A criança foi enterrada hoje, às 16h, no cemitério Morada da Grande Planície, em Praia Grande. A polícia agora irá colher depoimentos de pessoas próximas à família, testemunhas e também da mãe, que por estar ainda muito abalada não compareceu à delegacia para depor.

Culpa por abandono depende da intenção

O Código Penal, de 1940, traz no seu artigo 133 a figura do abandono de incapaz. E traz também questões como a guarda, a vigilância e a autoridade dos responsáveis. "Incapaz é aquele indivíduo que por qualquer razão esteja, no momento em que sofre a ação, seja incapaz de se defender dos riscos que foram resultado do abandono", explica a advogada Maura da Silva Leitzke, doutora em criminologia. "Temos também as figuras que vão agravar a pena. O abandono que resulta em lesão grave e aquele que resulta em morte".

De acordo com o artigo 133 do Código Penal, o abandono de incapaz prevê pena de seis meses a três anos de detenção. Se do abandono resulta lesão corporal de natureza grave, a pena é de reclusão de um a cinco anos No caso de resultar em morte, a pena é de reclusão de quatro a 12 anos.

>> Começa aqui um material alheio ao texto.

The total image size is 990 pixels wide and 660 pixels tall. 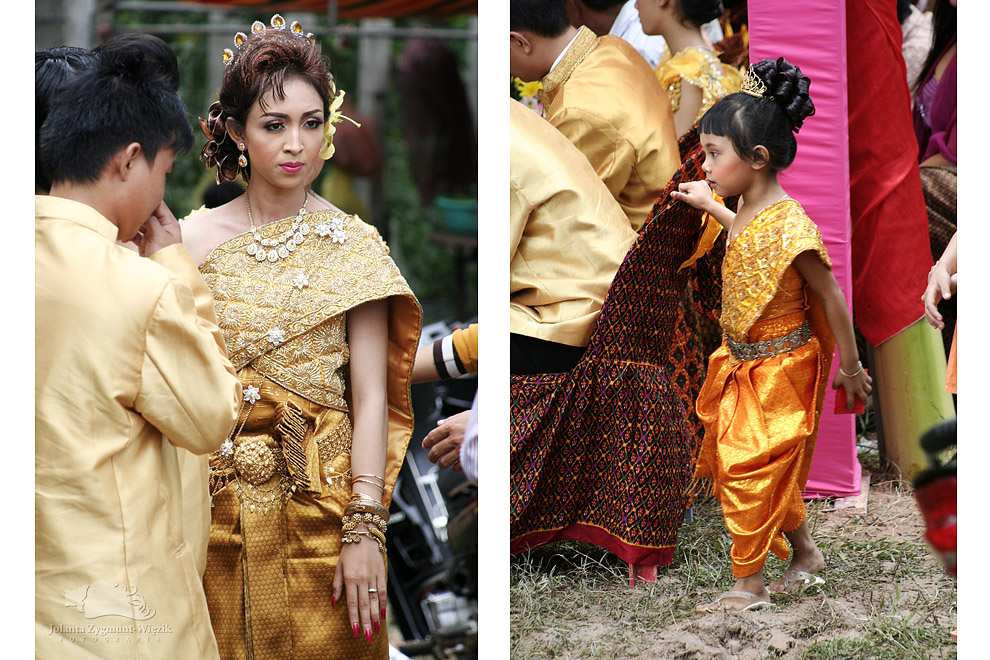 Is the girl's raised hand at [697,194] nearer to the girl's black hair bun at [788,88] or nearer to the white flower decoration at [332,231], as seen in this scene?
the girl's black hair bun at [788,88]

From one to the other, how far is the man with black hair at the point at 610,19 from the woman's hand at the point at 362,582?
1.71 metres

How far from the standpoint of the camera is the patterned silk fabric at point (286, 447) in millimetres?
2295

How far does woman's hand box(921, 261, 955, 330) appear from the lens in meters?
2.51

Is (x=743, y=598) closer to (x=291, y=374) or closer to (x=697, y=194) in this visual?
(x=697, y=194)

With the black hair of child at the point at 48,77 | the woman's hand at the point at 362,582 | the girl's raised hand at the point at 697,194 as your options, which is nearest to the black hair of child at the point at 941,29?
the girl's raised hand at the point at 697,194

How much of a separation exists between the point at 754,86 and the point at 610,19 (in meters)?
0.94

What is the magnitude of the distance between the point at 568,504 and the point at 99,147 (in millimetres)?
1542

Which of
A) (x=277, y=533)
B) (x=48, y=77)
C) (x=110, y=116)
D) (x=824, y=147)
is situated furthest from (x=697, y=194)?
(x=48, y=77)

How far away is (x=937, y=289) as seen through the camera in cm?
258

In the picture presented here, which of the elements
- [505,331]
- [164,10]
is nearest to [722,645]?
[505,331]

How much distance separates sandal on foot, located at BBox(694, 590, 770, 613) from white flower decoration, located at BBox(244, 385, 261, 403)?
121 centimetres

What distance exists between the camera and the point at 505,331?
2.38m

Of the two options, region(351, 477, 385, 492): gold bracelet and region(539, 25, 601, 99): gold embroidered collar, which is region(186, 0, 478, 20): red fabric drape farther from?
region(351, 477, 385, 492): gold bracelet

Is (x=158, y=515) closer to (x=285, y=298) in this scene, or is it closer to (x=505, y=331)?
(x=285, y=298) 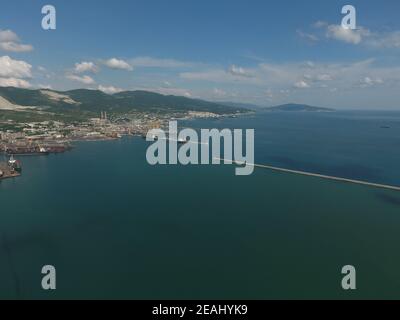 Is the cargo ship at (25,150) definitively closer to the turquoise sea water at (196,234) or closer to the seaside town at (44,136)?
the seaside town at (44,136)

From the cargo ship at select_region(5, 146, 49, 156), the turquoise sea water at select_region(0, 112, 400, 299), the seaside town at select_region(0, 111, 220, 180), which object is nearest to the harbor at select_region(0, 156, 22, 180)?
the seaside town at select_region(0, 111, 220, 180)

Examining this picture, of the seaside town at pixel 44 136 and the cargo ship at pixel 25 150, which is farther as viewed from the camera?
the cargo ship at pixel 25 150

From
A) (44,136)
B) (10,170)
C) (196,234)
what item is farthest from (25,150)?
(196,234)

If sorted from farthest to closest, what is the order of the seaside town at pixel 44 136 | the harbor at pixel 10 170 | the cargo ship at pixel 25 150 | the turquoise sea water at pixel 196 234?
the cargo ship at pixel 25 150
the seaside town at pixel 44 136
the harbor at pixel 10 170
the turquoise sea water at pixel 196 234

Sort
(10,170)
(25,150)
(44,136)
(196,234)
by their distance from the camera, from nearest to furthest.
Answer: (196,234) → (10,170) → (25,150) → (44,136)

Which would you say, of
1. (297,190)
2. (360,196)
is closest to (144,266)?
(297,190)

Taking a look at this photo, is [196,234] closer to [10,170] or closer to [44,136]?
[10,170]

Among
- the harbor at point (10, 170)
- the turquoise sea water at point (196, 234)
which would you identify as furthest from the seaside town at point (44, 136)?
the turquoise sea water at point (196, 234) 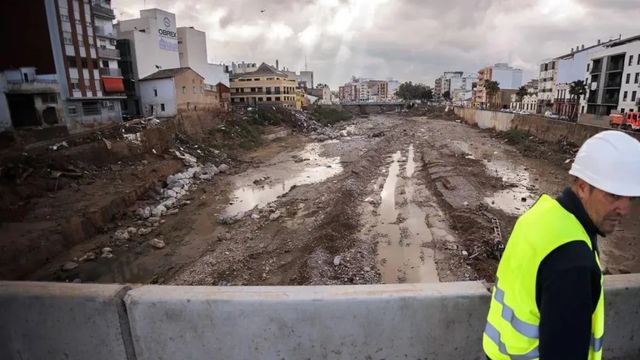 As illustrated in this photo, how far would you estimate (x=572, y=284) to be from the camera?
1344 millimetres

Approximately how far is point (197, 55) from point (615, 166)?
→ 5402 cm

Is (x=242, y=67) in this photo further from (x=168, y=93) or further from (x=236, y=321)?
(x=236, y=321)

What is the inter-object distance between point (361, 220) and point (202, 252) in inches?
261

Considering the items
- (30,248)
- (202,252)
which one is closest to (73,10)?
(30,248)

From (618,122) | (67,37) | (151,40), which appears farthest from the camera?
(151,40)

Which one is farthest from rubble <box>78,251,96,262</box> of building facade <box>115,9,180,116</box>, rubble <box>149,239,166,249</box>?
building facade <box>115,9,180,116</box>

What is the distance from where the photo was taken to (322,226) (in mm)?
14234

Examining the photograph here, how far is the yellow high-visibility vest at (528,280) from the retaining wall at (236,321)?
713mm

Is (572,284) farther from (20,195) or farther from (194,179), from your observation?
(194,179)

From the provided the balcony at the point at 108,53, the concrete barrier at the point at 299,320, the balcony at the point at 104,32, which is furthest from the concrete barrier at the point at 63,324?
the balcony at the point at 104,32

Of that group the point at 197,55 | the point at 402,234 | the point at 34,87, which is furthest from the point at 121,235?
the point at 197,55

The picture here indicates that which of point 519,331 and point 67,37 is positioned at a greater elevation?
point 67,37

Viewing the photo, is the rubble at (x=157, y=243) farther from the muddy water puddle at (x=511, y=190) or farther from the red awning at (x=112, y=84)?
the red awning at (x=112, y=84)

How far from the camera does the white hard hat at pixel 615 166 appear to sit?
149 cm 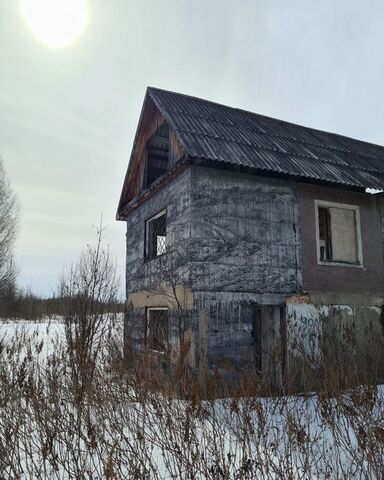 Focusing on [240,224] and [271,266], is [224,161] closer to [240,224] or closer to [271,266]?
[240,224]

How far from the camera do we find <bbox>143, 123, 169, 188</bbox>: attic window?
1202cm

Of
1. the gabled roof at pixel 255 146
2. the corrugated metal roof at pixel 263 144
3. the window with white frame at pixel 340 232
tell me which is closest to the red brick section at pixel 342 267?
the window with white frame at pixel 340 232

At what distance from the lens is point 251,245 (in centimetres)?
888

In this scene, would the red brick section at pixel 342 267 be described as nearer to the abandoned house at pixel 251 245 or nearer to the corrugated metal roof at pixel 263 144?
the abandoned house at pixel 251 245

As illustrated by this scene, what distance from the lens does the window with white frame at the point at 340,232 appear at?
9.97m

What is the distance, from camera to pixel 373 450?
3.24m

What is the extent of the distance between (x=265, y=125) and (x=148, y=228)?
5.14m

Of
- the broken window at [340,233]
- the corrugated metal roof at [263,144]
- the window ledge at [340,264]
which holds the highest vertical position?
the corrugated metal roof at [263,144]

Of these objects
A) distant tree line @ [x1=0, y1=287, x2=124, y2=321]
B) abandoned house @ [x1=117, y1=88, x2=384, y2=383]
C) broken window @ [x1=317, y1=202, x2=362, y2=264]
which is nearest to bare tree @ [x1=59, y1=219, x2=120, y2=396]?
abandoned house @ [x1=117, y1=88, x2=384, y2=383]

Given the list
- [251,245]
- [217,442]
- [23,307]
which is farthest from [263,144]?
[23,307]

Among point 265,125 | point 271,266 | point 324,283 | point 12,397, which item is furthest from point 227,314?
point 265,125

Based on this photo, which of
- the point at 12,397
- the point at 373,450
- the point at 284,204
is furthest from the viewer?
the point at 284,204

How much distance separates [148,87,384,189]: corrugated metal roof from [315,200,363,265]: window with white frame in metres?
0.82

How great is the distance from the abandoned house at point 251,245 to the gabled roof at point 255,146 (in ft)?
0.18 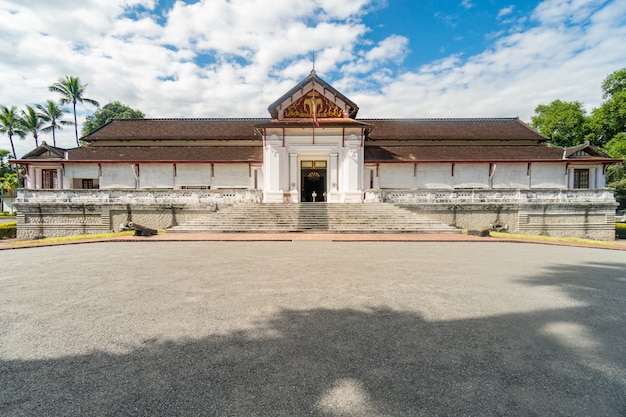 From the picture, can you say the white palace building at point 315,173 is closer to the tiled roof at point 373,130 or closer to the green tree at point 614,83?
the tiled roof at point 373,130

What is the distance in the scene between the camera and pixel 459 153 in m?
25.2

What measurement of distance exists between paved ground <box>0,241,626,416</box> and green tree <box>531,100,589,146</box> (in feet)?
137

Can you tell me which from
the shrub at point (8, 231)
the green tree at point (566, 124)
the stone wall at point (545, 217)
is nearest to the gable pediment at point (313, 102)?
the stone wall at point (545, 217)

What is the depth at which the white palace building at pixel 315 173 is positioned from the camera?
1858 cm

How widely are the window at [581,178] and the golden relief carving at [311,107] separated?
834 inches

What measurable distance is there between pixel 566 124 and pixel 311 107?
120 ft

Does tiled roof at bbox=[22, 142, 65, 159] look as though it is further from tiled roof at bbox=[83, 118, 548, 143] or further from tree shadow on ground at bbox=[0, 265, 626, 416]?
tree shadow on ground at bbox=[0, 265, 626, 416]

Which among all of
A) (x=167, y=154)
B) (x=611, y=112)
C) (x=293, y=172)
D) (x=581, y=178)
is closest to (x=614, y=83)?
(x=611, y=112)

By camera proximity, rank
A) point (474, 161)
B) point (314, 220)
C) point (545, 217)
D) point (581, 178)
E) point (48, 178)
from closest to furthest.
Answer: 1. point (314, 220)
2. point (545, 217)
3. point (474, 161)
4. point (581, 178)
5. point (48, 178)

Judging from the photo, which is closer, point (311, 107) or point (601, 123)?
point (311, 107)

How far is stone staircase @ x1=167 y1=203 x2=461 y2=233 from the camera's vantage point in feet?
52.0

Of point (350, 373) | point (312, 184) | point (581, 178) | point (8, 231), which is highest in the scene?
point (581, 178)

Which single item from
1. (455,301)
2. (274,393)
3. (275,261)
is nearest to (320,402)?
(274,393)

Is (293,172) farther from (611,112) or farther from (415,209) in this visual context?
(611,112) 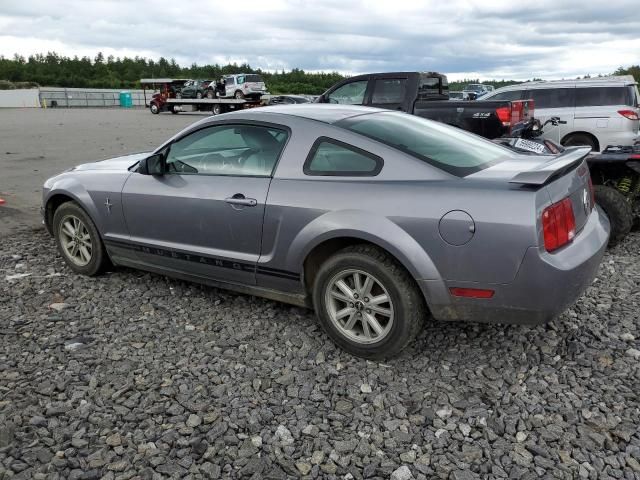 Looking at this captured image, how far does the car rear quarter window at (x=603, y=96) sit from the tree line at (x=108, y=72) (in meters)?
72.8

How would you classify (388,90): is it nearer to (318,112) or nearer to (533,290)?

Maura explica que esse crime se expressa em determinadas situações previstas na lei. A criança, por exemplo, na opinião da especialista, não tem a capacidade de se defender em situações de perigo. E, no caso específico da menina que caiu do prédio, a primeira coisa a se investigar é o dolo do pai ou responsável. Ou seja, a intenção.

"Se o dolo do pai era abandonar a criança, deixá-la desassistida enquanto ele fazia outras atividades, e ele estava obrigado a guardar a criança, ele responderia por abandono de incapaz. E aí se verificaria se a lesão seria de natureza leve ou grave. Caso contrário, não havendo dolo, não se caracteriza abandono de incapaz. No caso dessa notícia da criança que caiu do prédio, me parece que o pai só teria deixado a criança para levar a namorada à residência dela. Nesse caso, não estaríamos diante de um dolo específico de abandono de incapaz", afirma.

Quanto à caracterização do dolo, essa também depende de alguns aspectos. Segundo o advogado criminalista Roberto Vasconcelos da Gama, a lei prevê o dolo direto, ou seja, a vontade livre e consciente de abandonar a vítima, de modo a expor a perigo a sua vida ou saúde; e o dolo eventual, onde o agente não deseja essa exposição a perigo, mas assume os riscos de produzir esse resultado.

"Nesse contexto, importante analisar se com o abandono o que se desejava era a morte do incapaz, a conduta do agente será enquadrada como homicídio tentado ou consumado, a depender da situação concreta", diz o advogado.

"A Constituição Federal determina, no artigo 229, que os pais têm o dever de assistir, criar e educar os filhos menores, da mesma forma que os filhos maiores têm a obrigação de amparar os pais na velhice, carência ou enfermidade. Quando esse dever não é cumprido, pode ser caracterizado, na Justiça, como crimes de abandono intelectual, material ou, conforme a jurisprudência recente firmada no Superior Tribunal de Justiça (STJ), abandono afetivo", conclui.

Errata: este conteúdo foi atualizado
A versão inicial da matéria mencionava de forma errada o andar do qual a menina caiu do prédio. O erro foi corrigido tanto no título quanto no texto.